U.S. equity futures are pointing higher on Wednesday following an across the board sell off on Tuesday with the Nasdaq and S&P 500 both declining over 1 percent and the Dow dropping .76 percent after the Bank of Japan made it clear that it had no plans to extend its aggressive monetary stimulus program any further.
Investors also remained uneasy that the Federal Reserve may taper or shift its purchases of $85 billion in U.S. treasury securities each month.
Volatility resurfaced in the market with the volatility index (VIX) up 10.56 percent on Tuesday and the 10 year Treasury spiking up to 2.2690 before closing lower at 2.1950.

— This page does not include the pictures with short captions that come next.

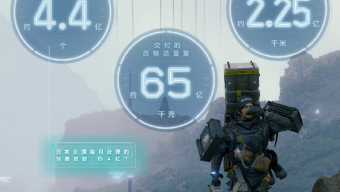 《死亡搁浅》登陆PC四周年 累计投递包裹超4亿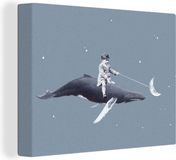 OneMillionCanvasses Canvas Print - Abstract - 80x60 cm - Modern Style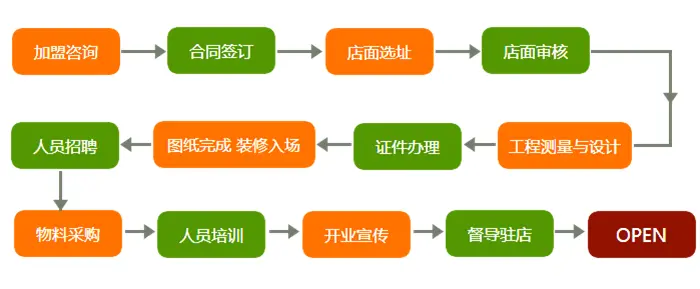 微信图片_20180615163610.webp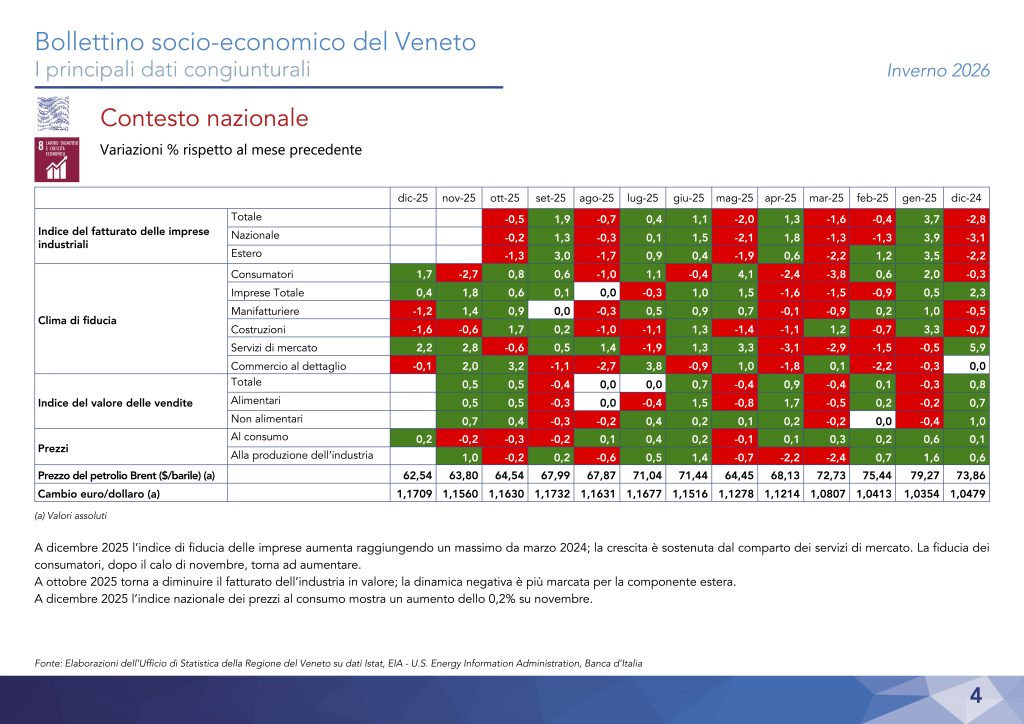 Veneto, cresce il PIL ma cala la popolazione: i dati del Bollettino socio-economico regionale 1 scenario economico congiuntura inverno 2026 2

With the next Fed meeting still one week away, investors are increasingly on edge and faced with having to digest a mixed bag of U.S. economic data to gauge whether the Federal Reserve will continue to season the U.S. economy with continued asset purchases of $85 billion each month through the remainder of 2013 or else begin to taper their purchases in September.
Dean Curnutt, President and CEO of Macro Risk Advisors said yesterday on Bloomberg’s Street Smart with Regan and Johnson that the markets are incredibly anticipatory and Fed Chairman Bernanke floated the idea of tapering as a “trial balloon” to see what the reaction would be in the markets.
“What we’ve seen in the last couple weeks alone is that markets are incredibly anticipatory so Bernanke uttering just even the faintest hint of tapering has everybody struggling to readjust what that means longer term.” Curnutt said.
The Bernanke hint that Curnett spoke about are recent comments from Chairman Bernanke during a Q & A Congressional testimony on May 22nd when he responded to questions about adjusting the Fed’s treasury purchases of $85 billion each month which has helped to propel the U.S. equity markets to record levels.
Here are the direct quotes from Bernanke’s testimony on Capitol Hill from May 22nd concerning the Federal Reserve’s monetary stimulus program, known as quantitative easing (QE3).
Bernanke on the flow of asset purchases:
“The program relates the flow of asset purchases to the economic outlook. As the economic outlook and particularly the outlook for the labor market improves in a real and sustainable way, the committee will gradually reduce the flow of purchases.
“I want to be very clear that a step to reduce the flow of purchases would not be an automatic, mechanistic process of ending the program. Rather, any change in the flow of purchases would depend on the incoming data and our assessment of how the labor market and inflation are evolving.”
Bernanke on the adjustment of asset purchases:
“If we see continued improvement and we have confidence that that’s going to be sustained then we could in the next few meetings take a step down in our pace of purchases. If we do that it would not mean that we are automatically aiming towards a complete wind down. Rather we would be looking beyond that to see how the economy evolves and we could either raise or lower our pace of purchases going forward.”